NPR take a look at the "divorce rate" among birds:
Flamingos, it turns out, are embarrassing. They break up 99 percent of the time. The divorce rate for piping plovers is 67 percent. Ducks do better than humans. Human marriages (American ones) fail at a rate of roughly 40 percent (which is about equal to Nazca boobies). Mallard marriages are 91 percent successful. The big shock was swans. Everybody, ornithologists included, figured swans would be at the top of the Most Faithful list. But they're not. They have a 5 percent divorce rate. So who's the champ? Do I need to say? Albatrosses are 100 percent faithful. That's not to say that albatross dads don't occasionally have a dalliance with ladies who aren't their mates. That happens. But the original pair stays intact—which is surprising when you consider that albatross couples can last for decades.

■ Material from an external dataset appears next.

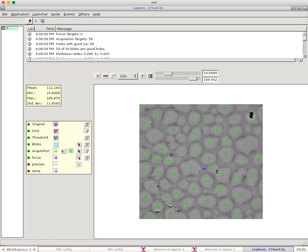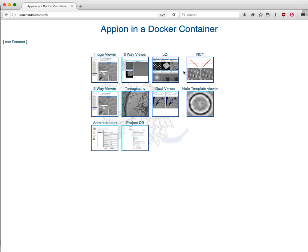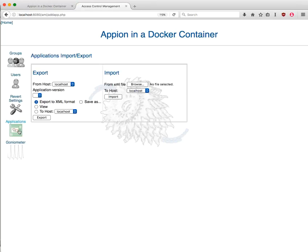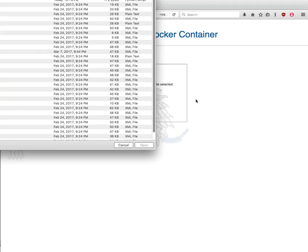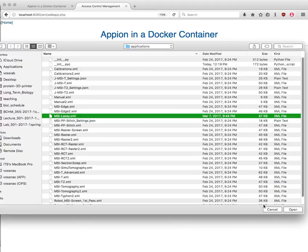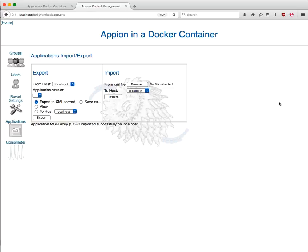One thing you might want to do is see how this fits into the larger Legenon pathway. So I'm going to switch over to my web browser here. Go to Administration, Applications, and I'm going to load the MSI Lacy XML imported. So now we have MSI Lacy in our Legenon, for those people who haven't added it to their Legenon yet.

Unless male albatrosses are scrupulous about dallying—that's NPR for "fucking"—only with single lady albatrosses (albatri?), the female of the species is getting it elsewhere too. But the albatross may have a more workable definition of "faithful" than the one humans have been saddled with: a lasting partner bond with the occasional dalliance, aka social monogamy, not sexual monogamy. Another thing albatrosses seem to do right: they spend a lot of time apart—sometimes months alone. Research shows that human couples who do the same are happier and have stronger relationships.
UPDATE: Yes, yes—human beings are not birds, as folks are pointing out in the comments. That would be a more devastating point if birds long believed to be monogamous—because they were socially monogamous—had not held up for centuries as a moral example to human beings. Then along comes genetic testing and we discover that—lordy!—none of those birds we'd been hearing about were sexually monogamous. So we had a lot to learn from birds when we believed they were monogamous. Now that we know they're not... nothing to see here, folks, move along.
And it wasn't too long ago that social conservatives were cheering March of the Penguins, a documentary about the mating habits of penguins that "[affirmed] traditional norms like monogamy, sacrifice and child rearing," according to social cons:
Rich Lowry, the editor of National Review, told the young conservatives' gathering last month: "You have to check out 'March of the Penguins.' It is an amazing movie. And I have to say, penguins are the really ideal example of monogamy. These things—the dedication of these birds is just amazing."
Reality, however, has a
liberal non-monogamous bias:
Emperor Penguins are serially monogamous. They have only one mate each year, and stay faithful to that mate. However, fidelity between years is only about 15%. The narrow window of opportunity available for mating appears to be an influence, as there is a priority to mate and breed which often precludes waiting for the appearance of the previous year's partner.
To recap: "Penguins are monogamous? People should act more like penguins! Penguins are a shining example to us all! Wait—penguins aren't monogamous? People shouldn't act like penguins! Penguins are animals and their example is entirely irrelevant!"